MATERIAL PROVIDED Block Start

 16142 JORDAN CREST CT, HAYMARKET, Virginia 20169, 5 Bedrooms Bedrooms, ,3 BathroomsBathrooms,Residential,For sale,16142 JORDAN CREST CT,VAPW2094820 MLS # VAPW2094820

MATERIAL PROVIDED Block End
MATERIAL PROVIDED Block Start

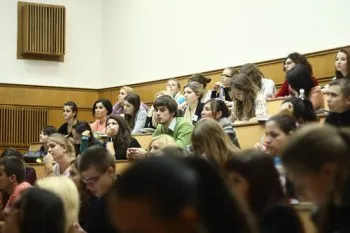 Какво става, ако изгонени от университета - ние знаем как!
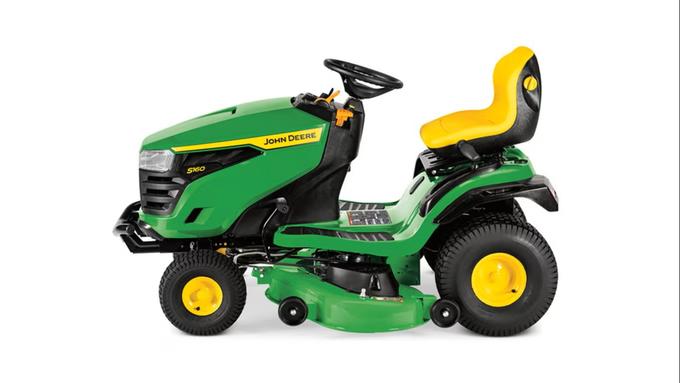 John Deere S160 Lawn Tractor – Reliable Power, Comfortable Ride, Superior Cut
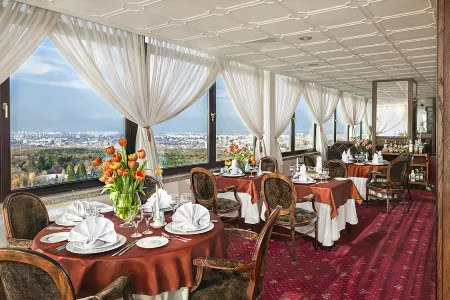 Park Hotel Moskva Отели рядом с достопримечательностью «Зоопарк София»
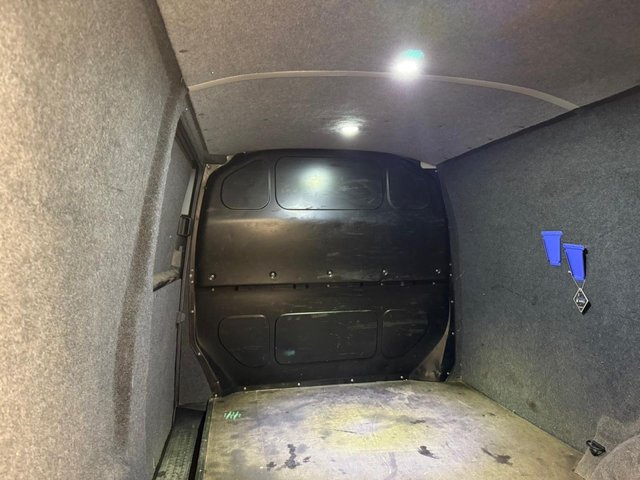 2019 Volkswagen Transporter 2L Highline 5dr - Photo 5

MATERIAL PROVIDED Block End

In the entries above, find the line with "John Deere S160" and the line with "2019 Volkswagen Transporter". Return exactly those lines and all the ones between them, pictures excluded.

ANSWER TO THE EXERCISE -
 John Deere S160 Lawn Tractor – Reliable Power, Comfortable Ride, Superior Cut
 Park Hotel Moskva Отели рядом с достопримечательностью «Зоопарк София»
 2019 Volkswagen Transporter 2L Highline 5dr - Photo 5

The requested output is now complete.